-- Data listing follows --

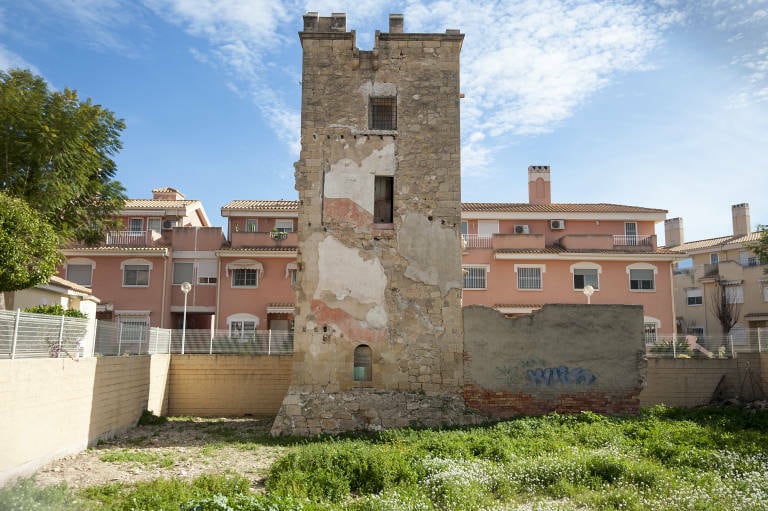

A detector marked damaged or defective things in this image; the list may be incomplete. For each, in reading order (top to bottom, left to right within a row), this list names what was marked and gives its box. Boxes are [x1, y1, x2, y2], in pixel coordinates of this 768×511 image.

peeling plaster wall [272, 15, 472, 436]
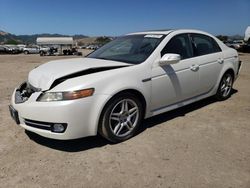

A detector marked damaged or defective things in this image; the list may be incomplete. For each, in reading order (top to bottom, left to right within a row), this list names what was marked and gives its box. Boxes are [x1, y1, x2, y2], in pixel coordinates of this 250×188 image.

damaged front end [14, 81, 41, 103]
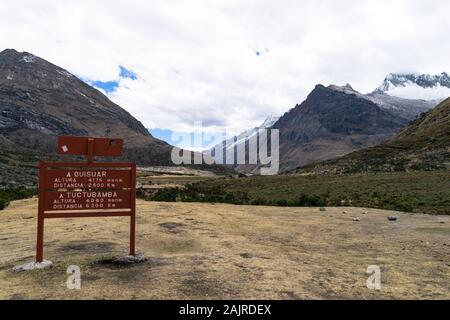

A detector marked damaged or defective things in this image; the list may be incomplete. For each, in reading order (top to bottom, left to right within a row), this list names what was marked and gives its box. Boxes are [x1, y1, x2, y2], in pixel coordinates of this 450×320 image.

-- Data listing concluded --

Requirement: Print the whole listing above once more, word for word, without its pictures.

Finished exercise:
A detector marked damaged or defective things in this image; the list may be incomplete. For each, in reading order (top to bottom, left to right within a row), this list names what was marked and gives its box. Boxes are [x1, y1, x2, y2], in pixel coordinates of this 768×511 image.

peeling plaster wall [272, 15, 472, 436]

A detector marked damaged or defective things in this image; the list may be incomplete. For each, in reading order (top to bottom, left to right within a row), this list names what was marked and gives its box. Boxes are [x1, y1, x2, y2], in pixel coordinates of this 250×188 image.

damaged front end [14, 81, 41, 103]

A detector marked damaged or defective things in this image; the list may be incomplete. For each, in reading order (top to bottom, left to right within a row), this list names what was marked and gives its box. Boxes are [x1, y1, x2, y2], in pixel coordinates of this 450×320 image.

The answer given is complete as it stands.